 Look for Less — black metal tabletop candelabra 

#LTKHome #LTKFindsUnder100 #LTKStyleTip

---

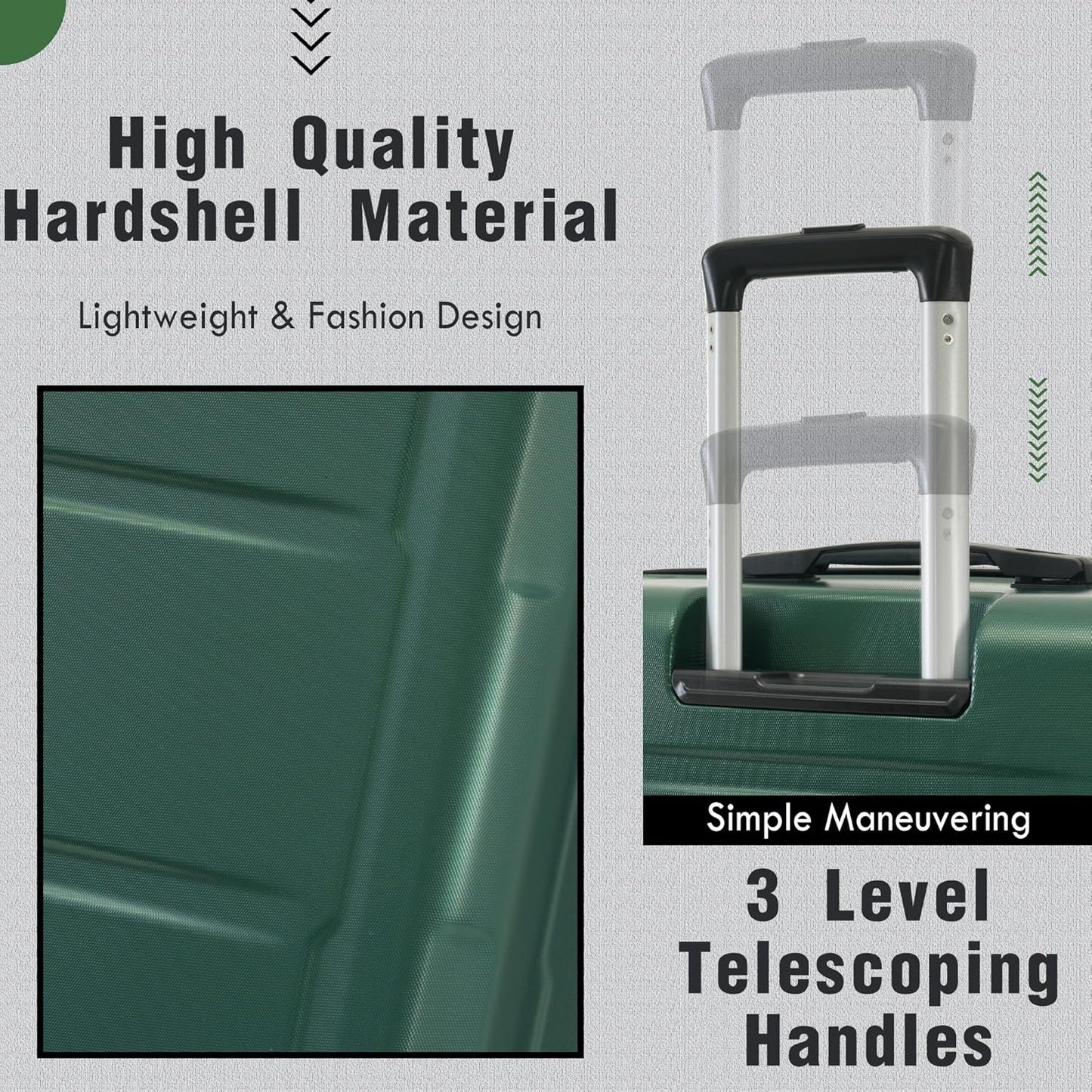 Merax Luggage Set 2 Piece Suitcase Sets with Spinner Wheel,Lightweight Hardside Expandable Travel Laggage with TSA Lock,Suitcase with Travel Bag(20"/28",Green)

▶ **ASSIGNMENT**:
From the records above, quote only the lines running from the line with "Look for Less" to the line with "#LTKHome #LTKFindsUnder100 #LTKStyleTip", both lines included.

▶ **SOLUTION FOR THIS TASK**:
 Look for Less — black metal tabletop candelabra 

#LTKHome #LTKFindsUnder100 #LTKStyleTip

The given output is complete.